Stored items from a collection:
####
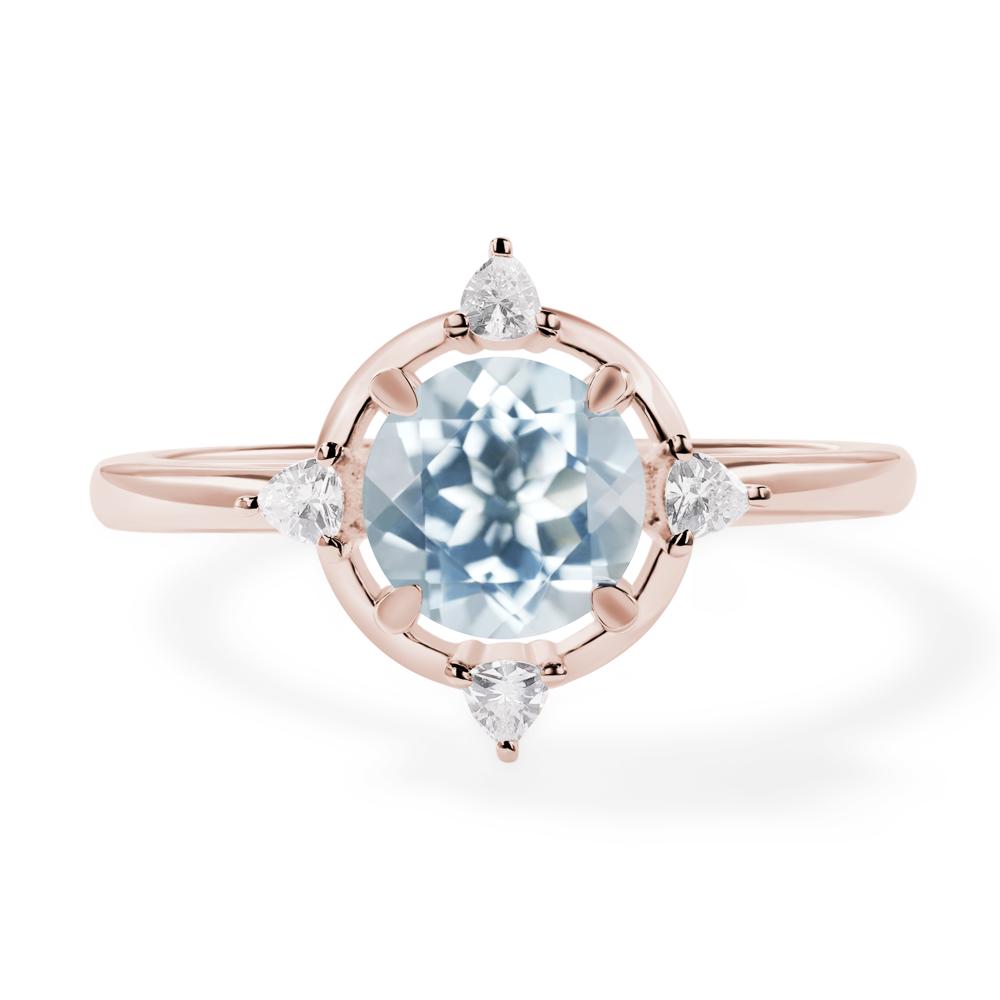 Aquamarine North Star Engagement Ring - LUO Jewelry #metal_14k rose gold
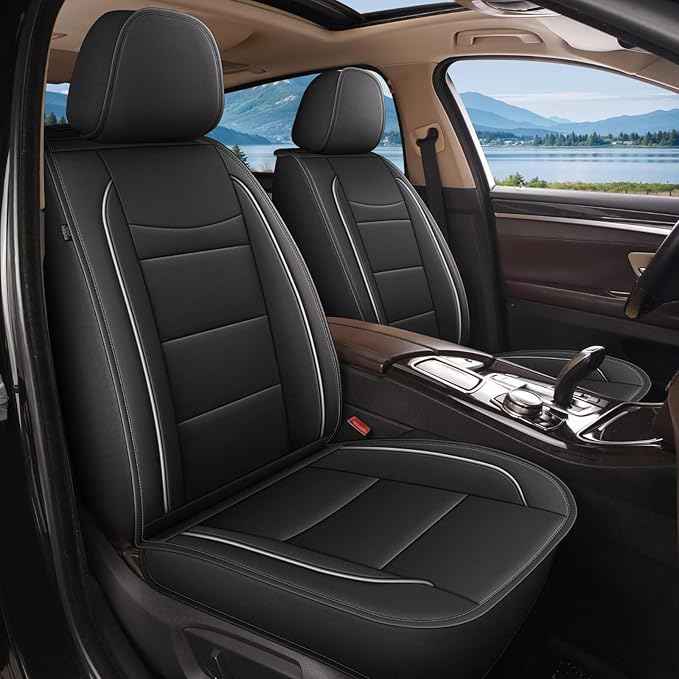 YORKNEIC Full Set Seat Covers Fit for Ford Explorer 2004-2025 2026: Faux Leather Car Seat Covers - Waterproof Car Seat Protector(Black)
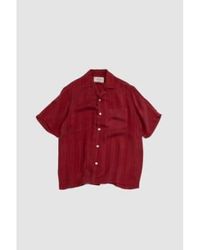 Portuguese Flannel - Cupro Shirt Stripe Bordeaux S - Lyst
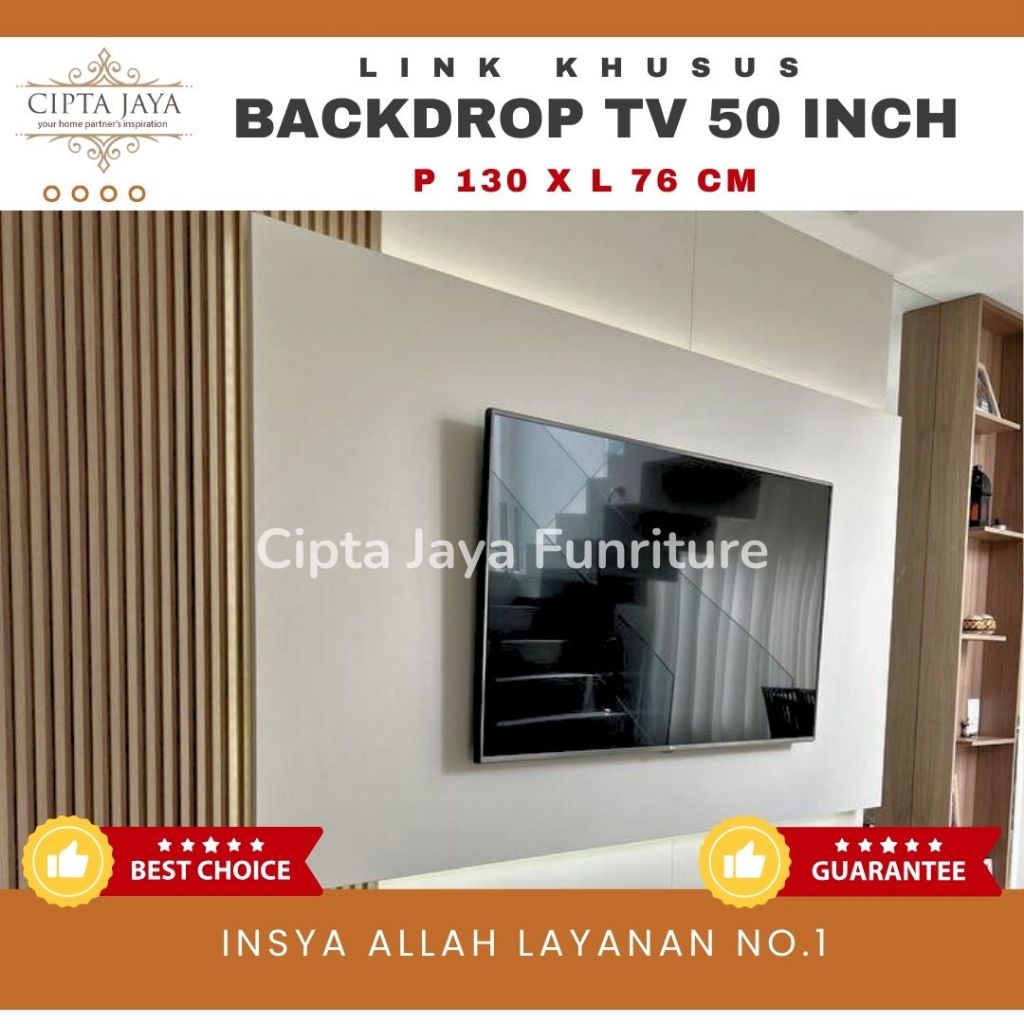 Cipta Jaya - Backdrop tv buffet bufet rak Tempat Tatakan Tv Digital 50 inc atau panjang 130 cm lebar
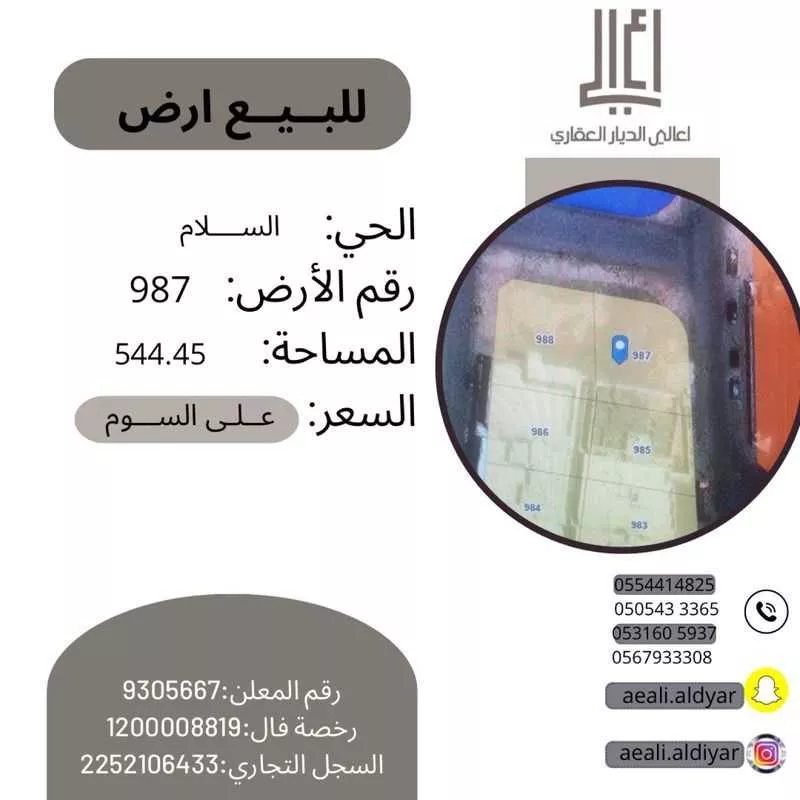 أرض للبيع في حي السلام الأول, مدينة الاحساء, المنطقة الشرقية 1 صورة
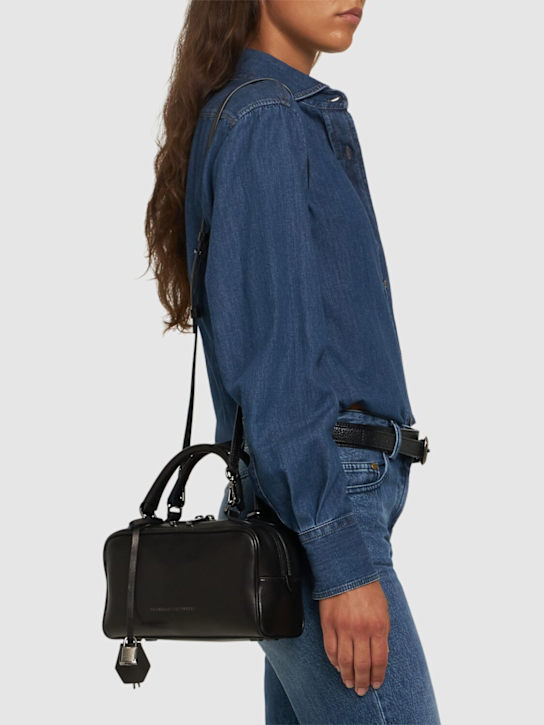 Brunello Cucinelli: Glossy leather top handle bag - women_1 | Luisa Via Roma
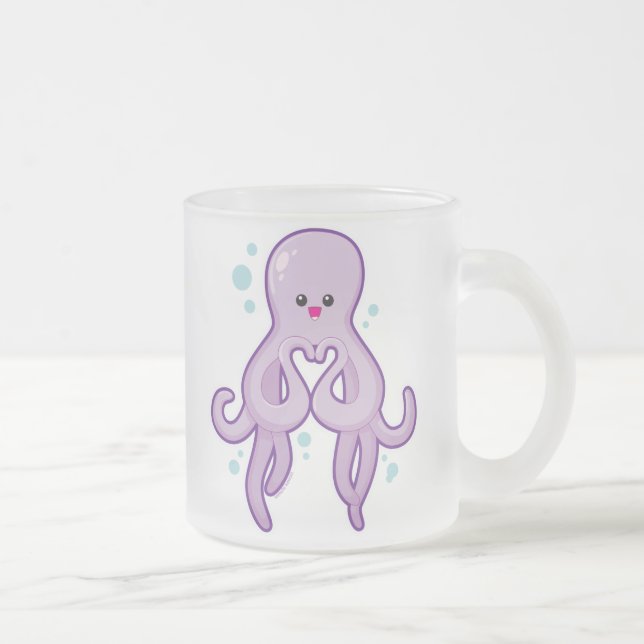 Octopus Loves You Frosted Glass Coffee Mug (Right)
####
[Assignment] Beginning with the line containing "Cipta Jaya - Backdrop" and ending with the last line of the data above, repeat each line exactly. Include no pictures and no other lines.

[Solution below]
 Cipta Jaya - Backdrop tv buffet bufet rak Tempat Tatakan Tv Digital 50 inc atau panjang 130 cm lebar
 أرض للبيع في حي السلام الأول, مدينة الاحساء, المنطقة الشرقية 1 صورة
 Brunello Cucinelli: Glossy leather top handle bag - women_1 | Luisa Via Roma
 Octopus Loves You Frosted Glass Coffee Mug (Right)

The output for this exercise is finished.